● Information given
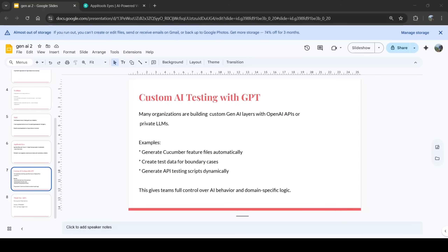Many companies are building custom Gen AI layers or using existing AI like OpenAI, ChatGPT, or private LLMs to reduce repetitive work. Specific to testing, we can create prompts as per our need — for example, generate Cucumber feature files automatically, create test cases for happy and unhappy paths, create test data for boundary cases, or generate API testing scripts dynamically.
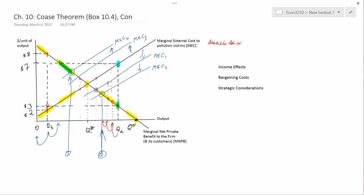So as long as you have income effects — meaning that when people's income changes, their demand for clean air changes — and there's no reason to suspect it wouldn't; certainly the demand for most things changes when your income changes — then the Coase Theorem is not true.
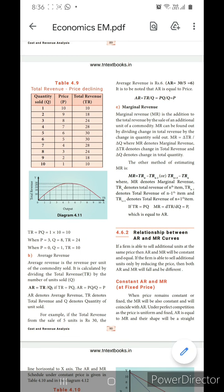If the price is constant, the total revenue will increase. But when the price is declining, the total revenue at the starting stage will increase. However, after a certain point — the equilibrium level — when it crosses that level, the total revenue will decline.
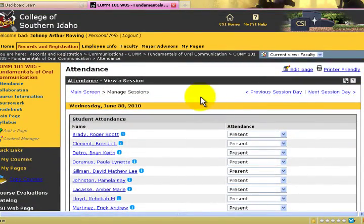And this concludes our screencast for how to enter attendance into the MyCSI system.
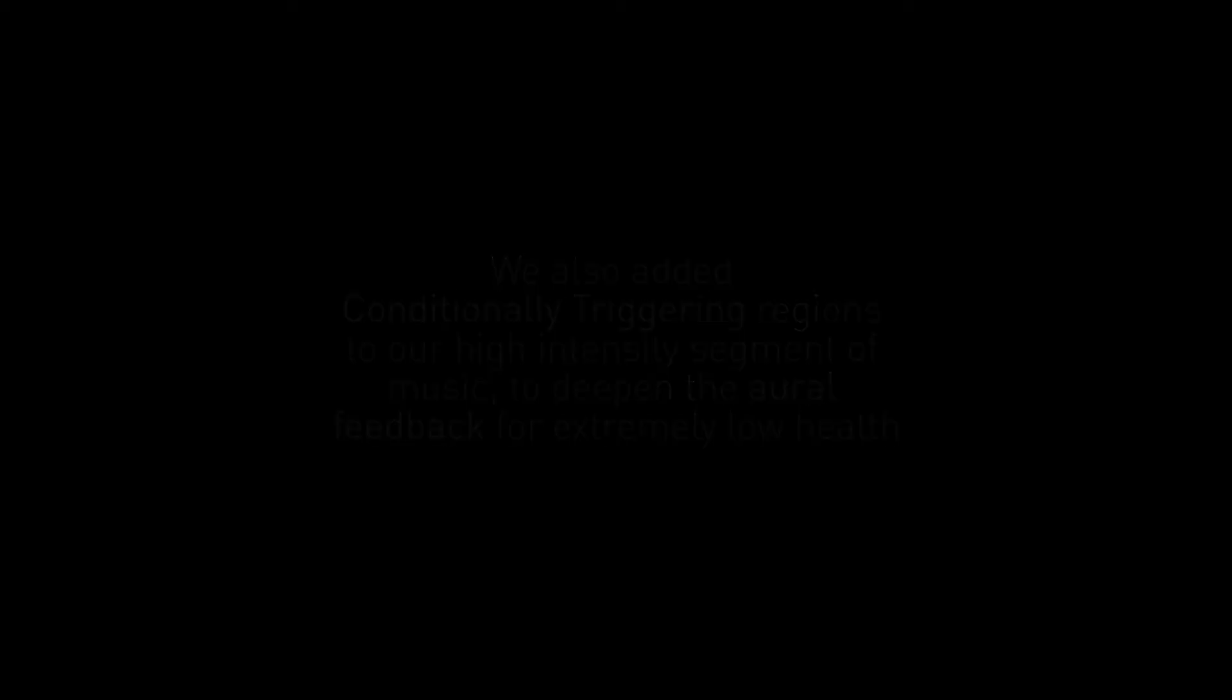In the next video we will add to the structure of the piece again and implement a transition out to a new musical theme that will occur when the player dies. We will use transition regions to do this and we'll even experiment with crafting some content in the transition timelines. I'm super excited to show you these awesome features. From everyone on the FMOD team, thanks for joining us and we'll see you in the next video.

● Your instructions
With the pictures excluded, the line containing "So as long as" and every line after it through the end of the data above are to be transcribed exactly, and nothing more.

● Output for this exercise
So as long as you have income effects — meaning that when people's income changes, their demand for clean air changes — and there's no reason to suspect it wouldn't; certainly the demand for most things changes when your income changes — then the Coase Theorem is not true.
If the price is constant, the total revenue will increase. But when the price is declining, the total revenue at the starting stage will increase. However, after a certain point — the equilibrium level — when it crosses that level, the total revenue will decline.
And this concludes our screencast for how to enter attendance into the MyCSI system.
In the next video we will add to the structure of the piece again and implement a transition out to a new musical theme that will occur when the player dies. We will use transition regions to do this and we'll even experiment with crafting some content in the transition timelines. I'm super excited to show you these awesome features. From everyone on the FMOD team, thanks for joining us and we'll see you in the next video.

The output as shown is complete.